Ultrasonic-template technology inducing and regulating cationic microblocks in CPAM: characterization, mechanism and sludge flocculation performance

Abstract

In this study, the ultrasonic-template polymerization technique (UTPT) was used to generate and regulate the distribution of cationic microblocks in a polymer. The ultrasonic-template copolymer (TPAD-U) of acrylamide (AM) and methacryloxyethyl trimethyl ammonium chloride (DMC) with a novel cationic microblock structure was successfully synthesized through UTPT using sodium polymethacrylate (PMAA) as the template. Fourier transform infrared spectroscopy (FT-IR), ¹H (¹³C) nuclear magnetic resonance spectroscopy (¹H (¹³C) NMR), scanning electron microscopy (SEM) and thermogravimetric analysis (TGA) were employed to characterize the properties of the polymers. The results showed that evident cationic microblocks formed in TPAD-U. Moreover, the template polymerization mechanism and reaction kinetics were analyzed, and the results showed that the I (ZIP) mechanism and free radical termination were assigned to template copolymerization.

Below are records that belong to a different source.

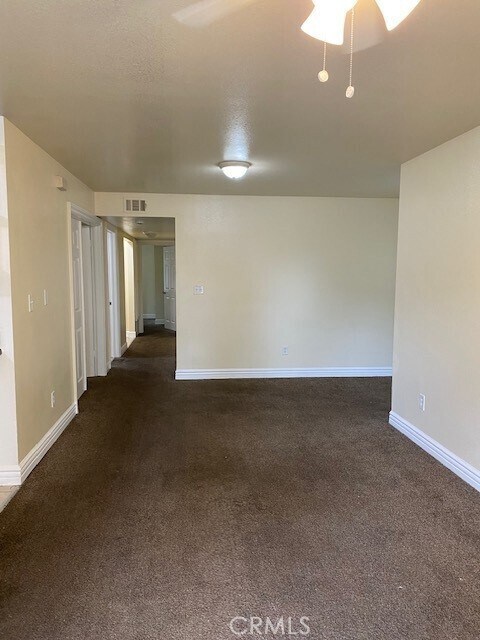 Building Photo - 650 E 81st St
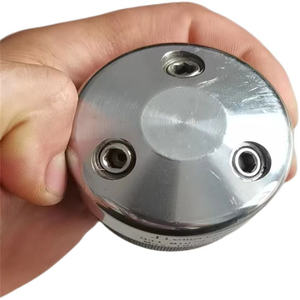 La máquina de chorro de agua de alta presión ofrece varias boquillas y conectores giratorios personalizados - Product Image 3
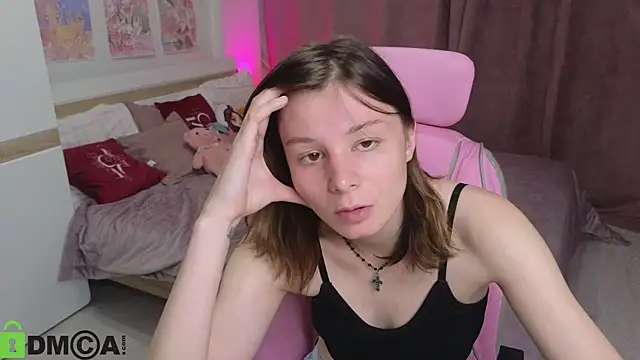 EllinEverly online show from August 6, 9:17 pm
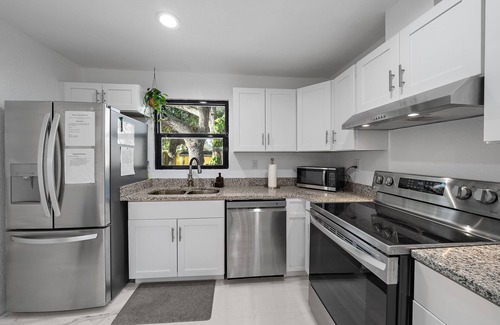 Flora Villa Casa | Jungle Nook | Waterfront + Grill!
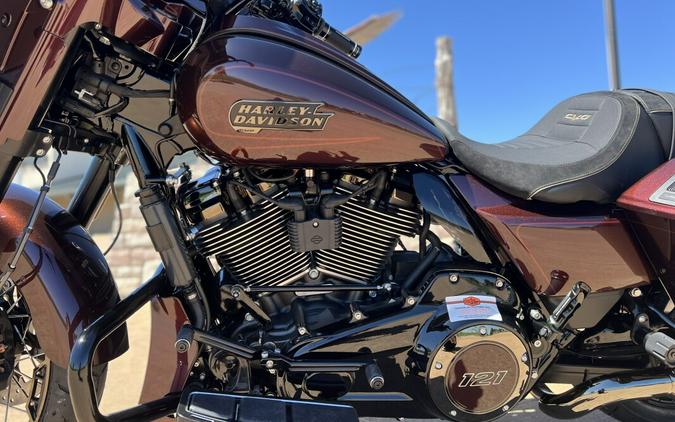 2024 Harley-Davidson CVO™ Street Glide® Copperhead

The I (ZIP) template mechanism convincingly indicated the formation of the cationic microblocks. The sludge dewatering results demonstrated that TPAD-U showed a better sludge flocculation performance than flocculants prepared by the non-template polymerization technique. During the sludge flocculation process, the cationic microblocks in TPAD-U greatly enhanced the effects of charge neutralization and bridging, which contributed much to a prominent flocculation performance.